Far from it. When Java gets pattern matching, Scala will have moved to version 3.0 with trait parameters, union and intersection types, implicit functions, type lambdas, cleaner macros and many more.

Also, Scala compiler slowness is virtually not a problem any more since introduction of Zinc 1.0. During development, I get repeatedly compile times around 2-5 seconds on Scala 2.11, and recent Scala 2.12.x / 2.13.x showed to be typically 30%-100% faster than 2.11.x.


I only played with Scala but never found a good business reason to actually use it.

Personally I rather not be in the bleeding edge and not having to deal with interop issues, or missing tooling.

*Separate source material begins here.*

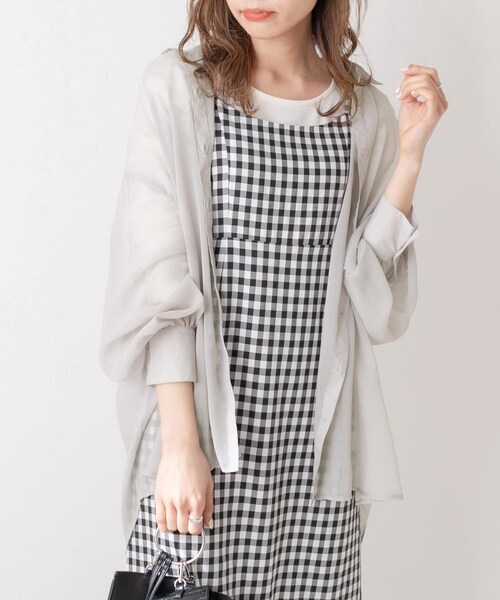 OLIVE des OLIVE（オリーブデオリーブ）の「カラフルシアシャツ（シャツ/ブラウス・レディース・オフホワイト/グリーン/グレー/ピンク系その他/グリーンイエロー・FREE）」の3枚目の写真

The whole point of Scala are its advanced features like implicits, higher kinds and macros, and not just syntactic sugar like in Kotlin. Therefore you won't appreciate Scala by just shortly playing with it.

Also in 2018 interop issues or missing tooling problems are long gone.

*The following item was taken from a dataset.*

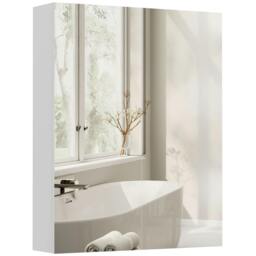 Rackhams Wall Mounted Bathroom Mirror Storage Cabinet w/ Door Adjustable Shelf - Mirror Cabinet - 1 - 60 x 15 x 75 cm - thumbnail 2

I am well aware of those features.

Only Scala shops can make effective use of them, and I am yet to do a project where Scala libraries were even considered.


Maybe in 15 years Java will finally get pattern matching, but it's never getting higher kinded types.


The first step towards pattern matching will be previewed in JDK 12[1], as a Kotlin-like switch statement, to form the basis of pattern matching[2] together with changes already in JDK 11[3]. I think it will be more like 15 months than 15 years.

I don’t expect higher kinded types any time soon, though.

[1]: http://openjdk.java.net/jeps/325 [2]: http://openjdk.java.net/jeps/305 [3]: http://openjdk.java.net/jeps/309


If it doesn't have what 305 calls "deconstruction patterns" and "nested patterns", it's not really pattern matching. I'll be impressed if those make it in within 15 months.